* _Task directions_
Copy nothing but the lines from the line with "Deputy Minister Kao, Representative" to the end of the records, retyped exactly. Pictures stay out.

Given information section start

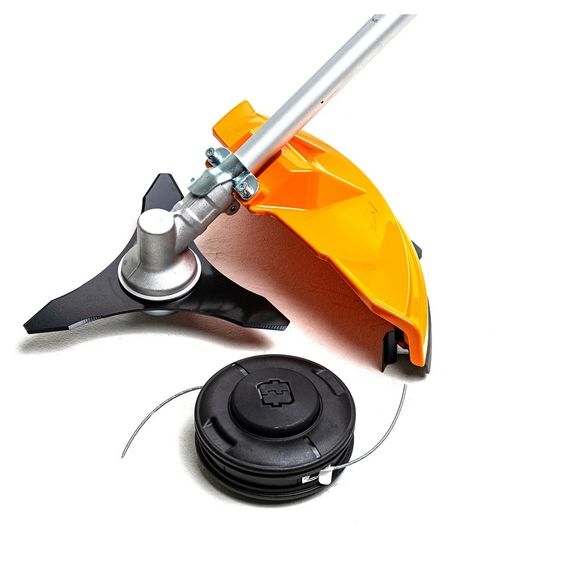 Мотокоса аккумуляторная GTM BC56/1800BL KIT (420 мм, 5800 об/мин, 2.4 мм, BL, 56 В, без аккумуляторов и зарядного устройства) | Зображення 1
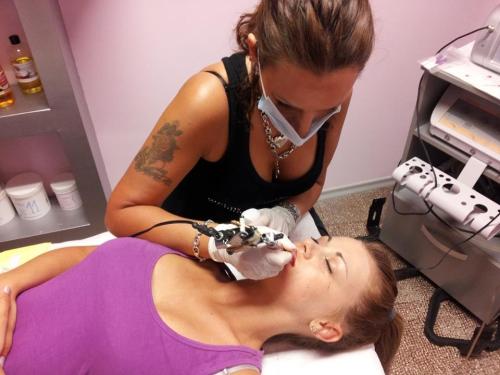 Освен с премахване на татуировки, Петя се занимава и с поставянето на перманентен грим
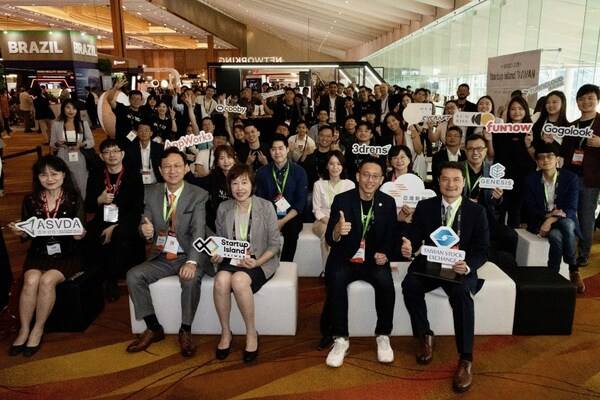 Deputy Minister Kao, Representative Tung and the forum participants during Taiwan Tech Solution Day.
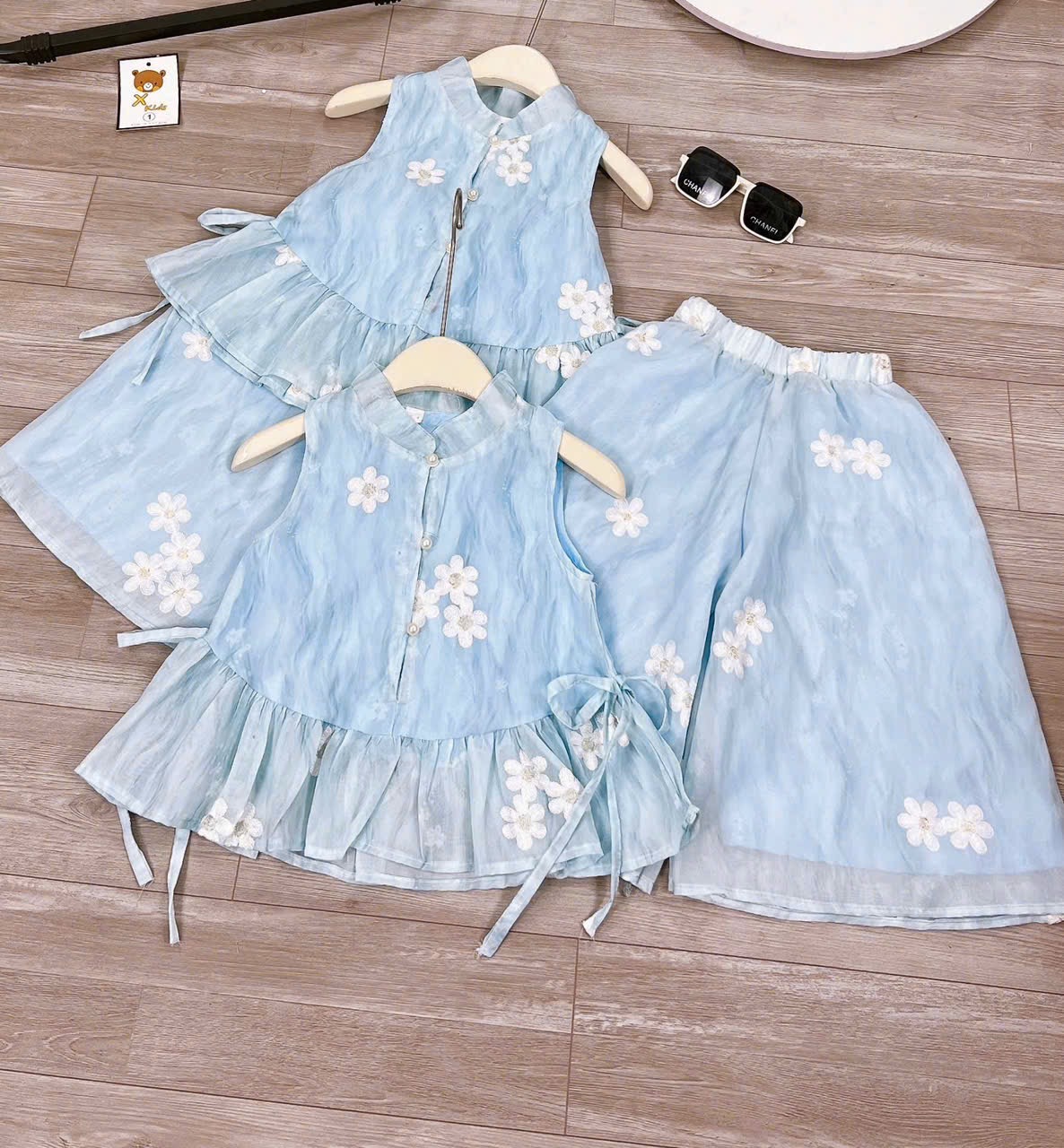 Sét bộ tơ thêu quần xuông xanh dương bé gái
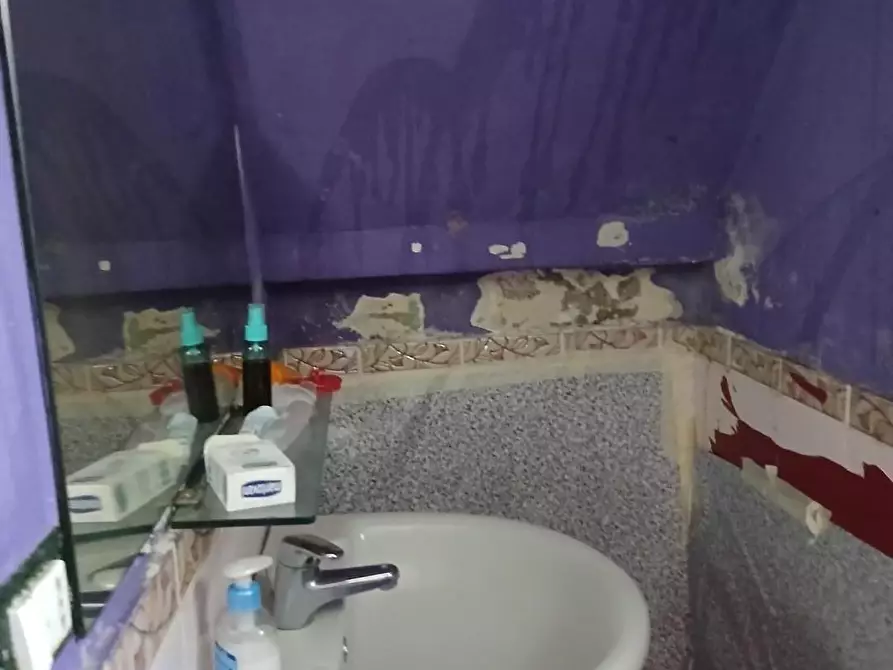 Immagine 11 di Casa trifamiliare in vendita  a Massa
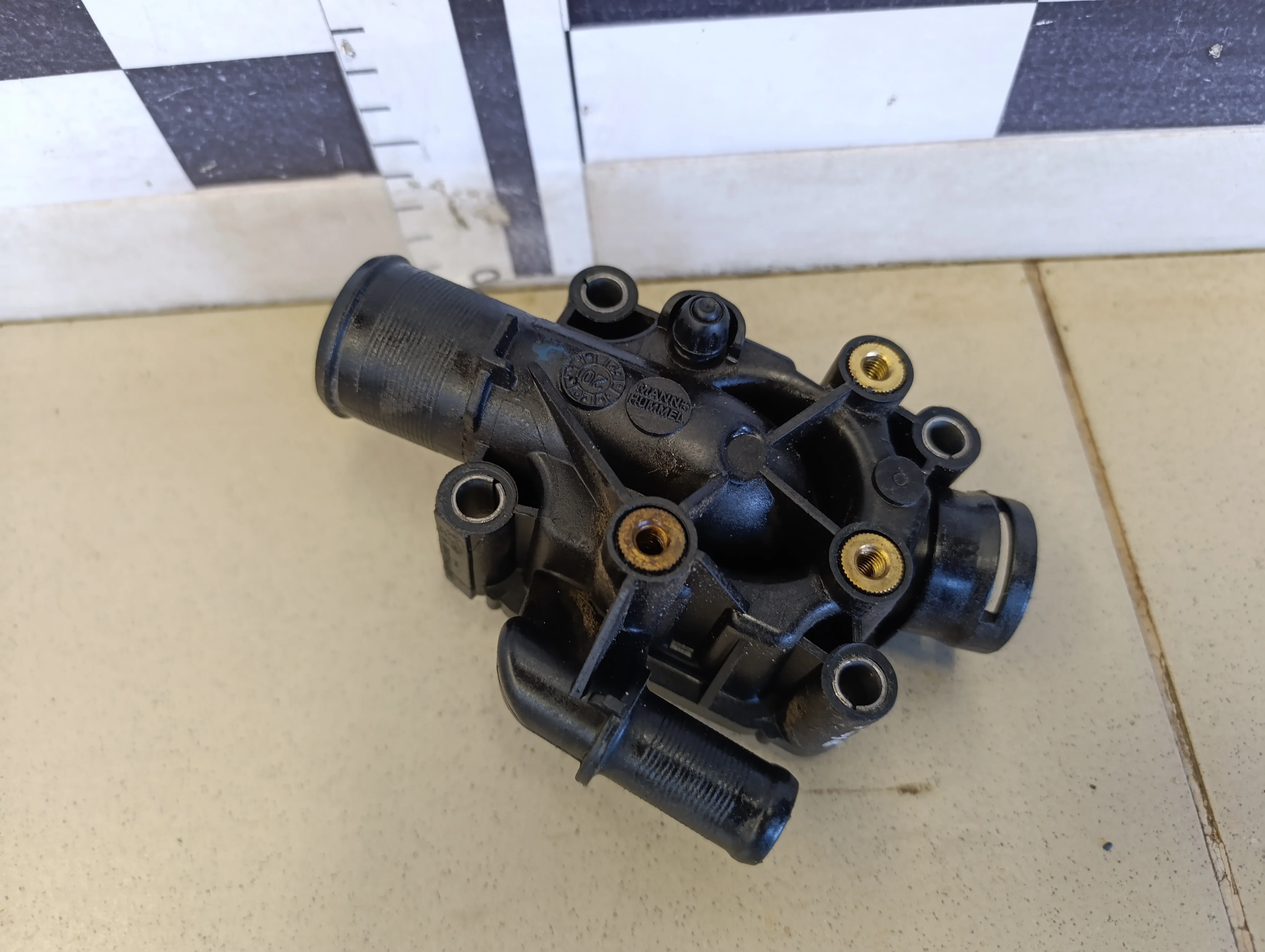 Корпус термостата 206 1998-2012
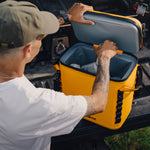 Dometic_psc19_glow_op_een_laadklep_van_een_jeep_met_een_man_die_een_blikje_uit_de_koeltas_haalt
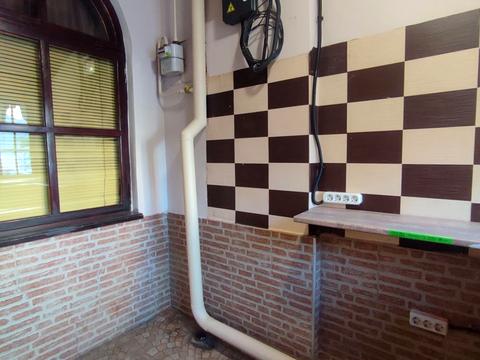 комерційна за адресою Тараса Шевченка бульв., 12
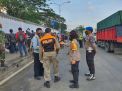Kapolres Tanjung Perak Pimpin Langsung Penyekatan & Pantau Pelaksanaan Swab Tes di Akses Suramadu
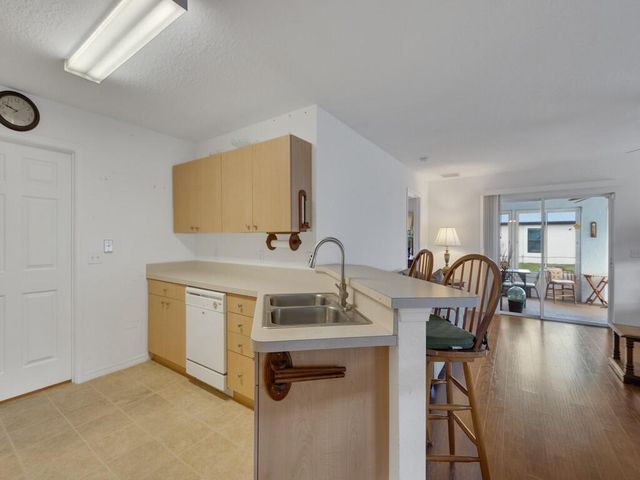 14464 Isla Flores Avenue, Fort Pierce, FL 34951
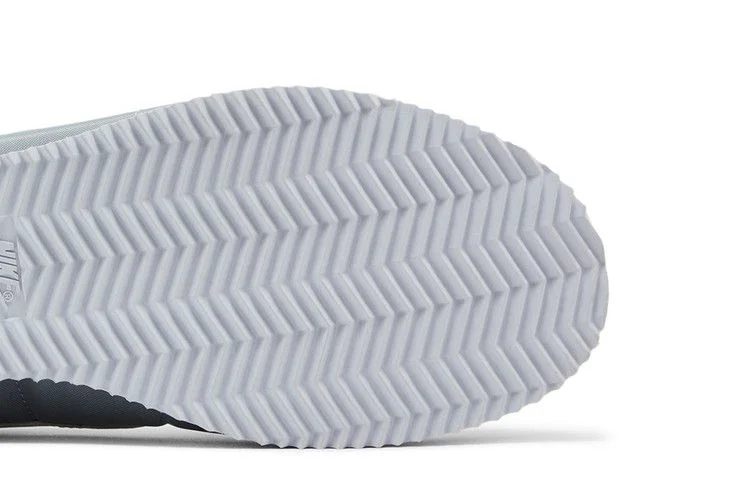 Кроссовки Nike Cortez TXT 'Flat Silver'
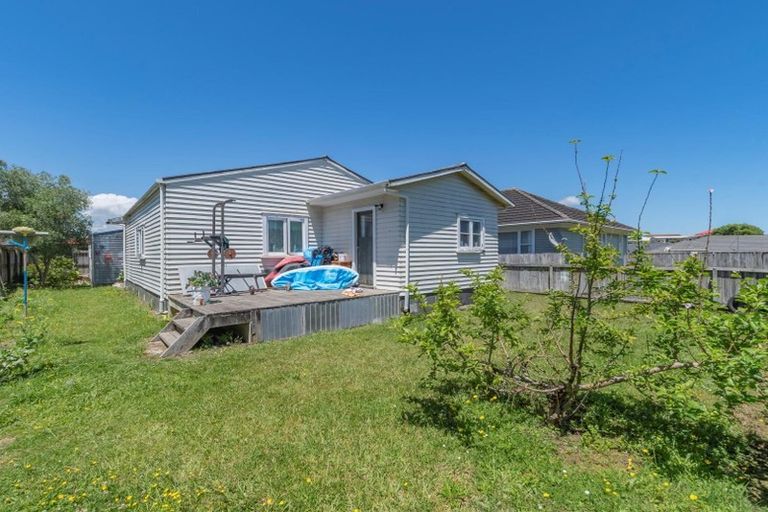 Photo of property in 79 Robert Skelton Place, Clendon Park, Auckland, 2103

Given information section end

* _Written solution_
 Deputy Minister Kao, Representative Tung and the forum participants during Taiwan Tech Solution Day.
 Sét bộ tơ thêu quần xuông xanh dương bé gái
 Immagine 11 di Casa trifamiliare in vendita  a Massa
 Корпус термостата 206 1998-2012
 Dometic_psc19_glow_op_een_laadklep_van_een_jeep_met_een_man_die_een_blikje_uit_de_koeltas_haalt
 комерційна за адресою Тараса Шевченка бульв., 12
Kapolres Tanjung Perak Pimpin Langsung Penyekatan & Pantau Pelaksanaan Swab Tes di Akses Suramadu
 14464 Isla Flores Avenue, Fort Pierce, FL 34951
 Кроссовки Nike Cortez TXT 'Flat Silver'
 Photo of property in 79 Robert Skelton Place, Clendon Park, Auckland, 2103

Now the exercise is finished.